TASK ITEM:
Pictures stay out of the copy. Repeat exactly the lines from the first entry below through the line that contains "KSS Cable Ties", and nothing beyond.

:::::

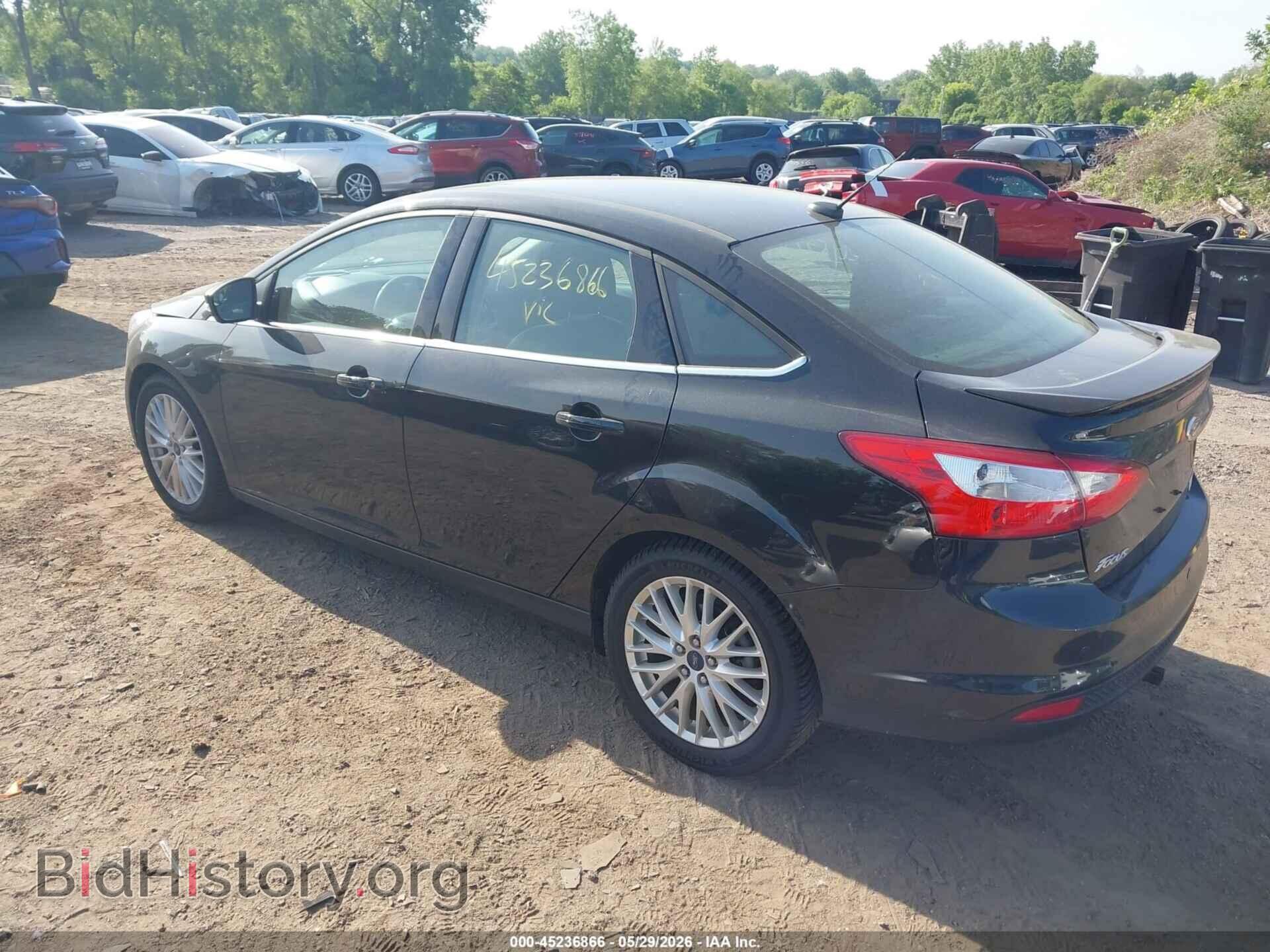 2013 FORD FOCUS - VIN: 1FADP3J27DL383976 - Фото 3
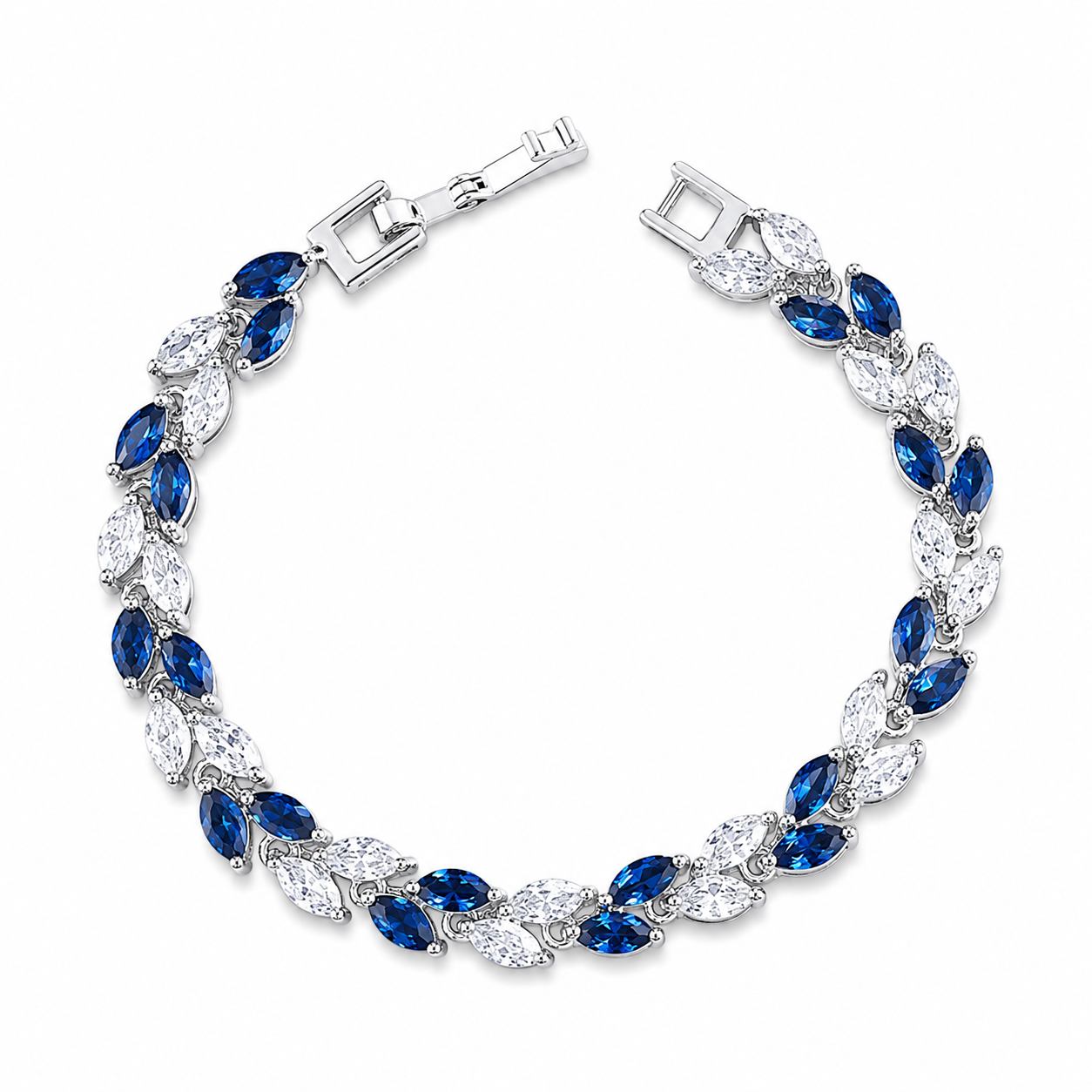 Leaf Tennis Bracelet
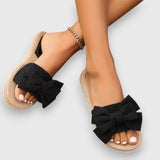 Lea – Leinensandalen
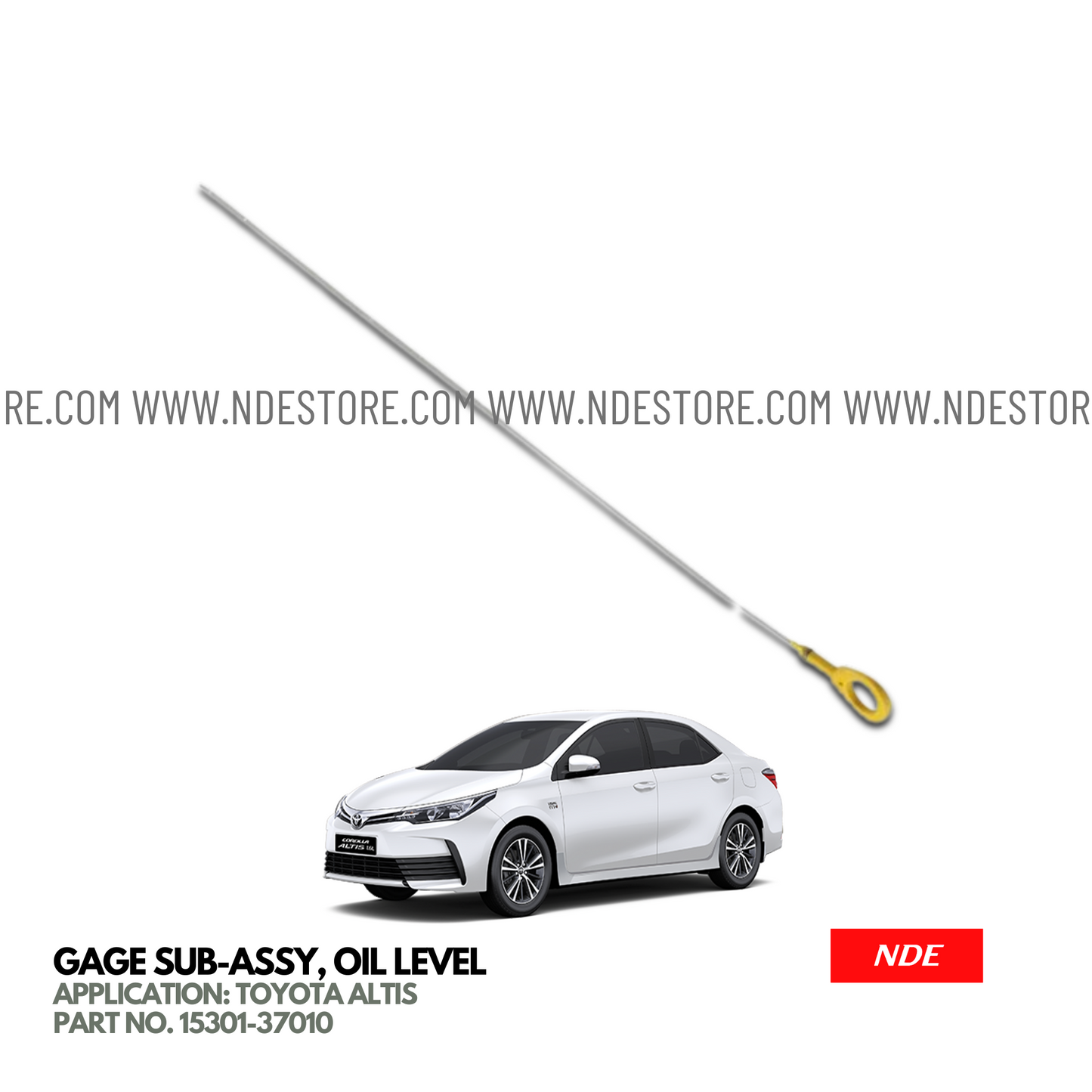 ENGINE OIL GUAGE DIP STICK FOR TOYOTA ALTIS (2008-2024)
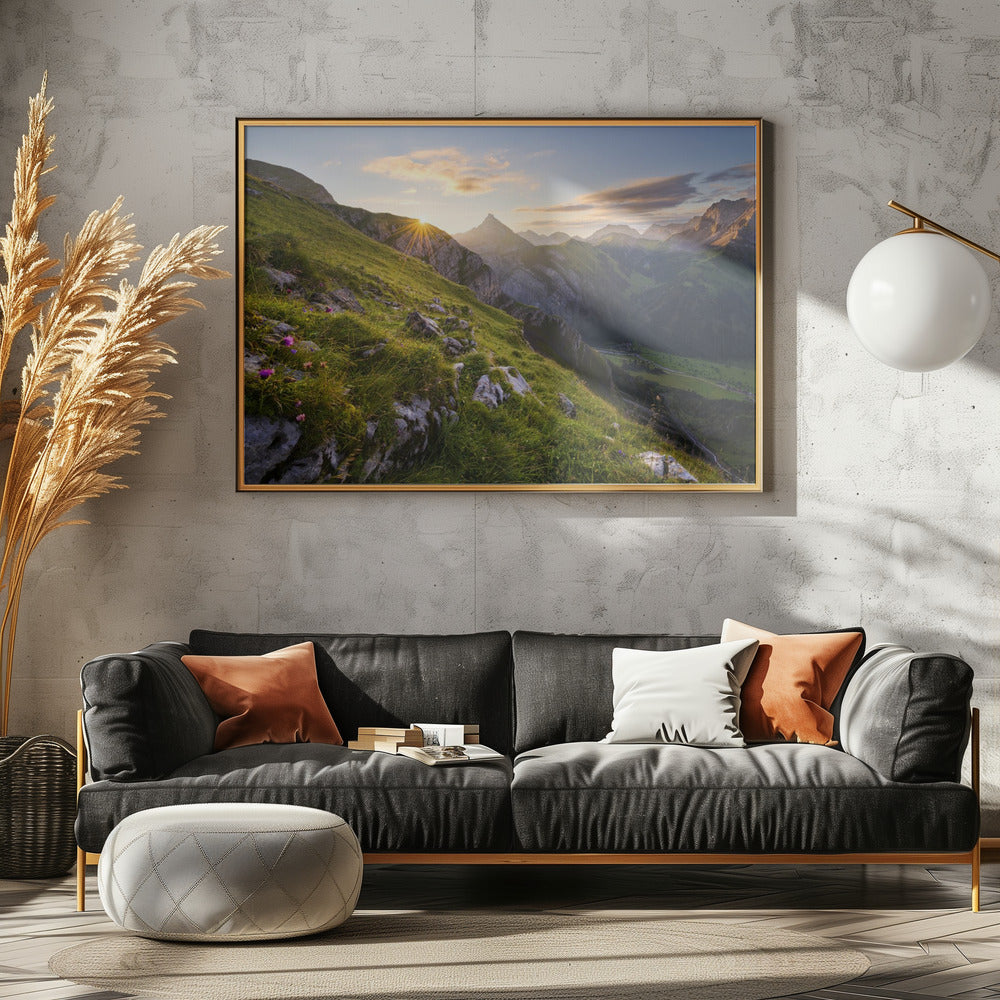 Summer Meadow | Poster
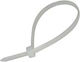 KSS Cable Ties Plastic 250mm x 3.6mm in White Colour (100pcs) (02.012.0047)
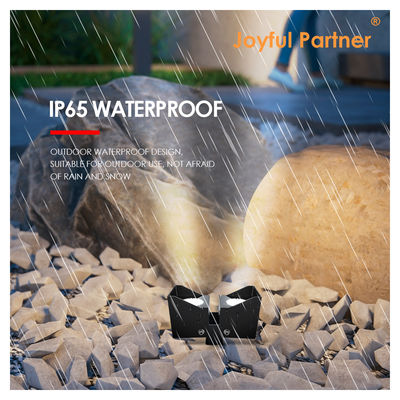 Iluminación LED de paisaje, ángulo de haz estrecho 3°, DC24v 12v 1w, Mini delgado para áreas de entretenimiento al aire libre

:::::

WRITTEN ANSWER:
 2013 FORD FOCUS - VIN: 1FADP3J27DL383976 - Фото 3
 Leaf Tennis Bracelet
 Lea – Leinensandalen
 ENGINE OIL GUAGE DIP STICK FOR TOYOTA ALTIS (2008-2024)
 Summer Meadow | Poster
 KSS Cable Ties Plastic 250mm x 3.6mm in White Colour (100pcs) (02.012.0047)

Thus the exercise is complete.